This was done by pros who assured me this tree has weak branch structure and this is necessary, but god, now I hate looking at it. Just need some expert opinions. It looks unbalanced and stripped to me, but I am also open to the idea that I may be overreacting. Help a tree hugger out, magical arborists!
by AccordingAnxiety6248

7 Comments
Can you show a before? I can understand why they didn’t completely take out those 2 co-dominate leads, but I also see they didn’t really try to subordinate them. This tree has/will have some structural problems for sure. Those unions already look like they have included bark starting, they aren’t wrong about that. These hybrids are problematic for a lot of reasons, but this one.. yikes. Also, it’s buried. Expose that root flare please. Maple are already prone to girdling.
There’s no fixing that.
Too much off the bottom without correcting the codominant leads. It’ll look fine in the long run, but still need those codominants corrected.
Lul. In undergrad, we had rows of these to practice on because they are so jacked up – if we could prune them decently it was a win.
IOW: it doesn’t matter. It will be gone in 20 years so who cares. Practice on your own.
They didn’t do any end weight reductions on the co-dominant branches. This is not proper structure pruning of an autumn blaze maple. They didn’t take “too much.” They literally encouraged continued poor structure with this pruning. Still fixable.
Just wait until next year and find someone who will prune the apical growth of the co-dominant branching back to lateral branches and encourage a central lead/clump. You really can’t over prune these trees if you do it correctly and often. Good luck!

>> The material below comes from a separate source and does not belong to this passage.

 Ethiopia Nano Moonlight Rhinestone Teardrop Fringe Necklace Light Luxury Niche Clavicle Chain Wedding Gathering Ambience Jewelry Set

This is so badly lions tailed I wanna cry. The trees not doomed and it’ll look a lot better in 5 years. If you’re interested in correcting the co dominant leads as suggested, hire someone to make heading cuts, not to remove the leads entirely. I’d also wait 2-3 years to correct the co dominant leads to give your tree time to recover from its current prune. The lions tail will always look a little weird but the tree will look a lot better in 5 years
It’s a maple don’t worry too much about it… your house is tiny imagine this tree in 20 years… you are within the range where you can start thinking about shaping the top each year to keep it manageable… it will eventually break free but good candidate for this.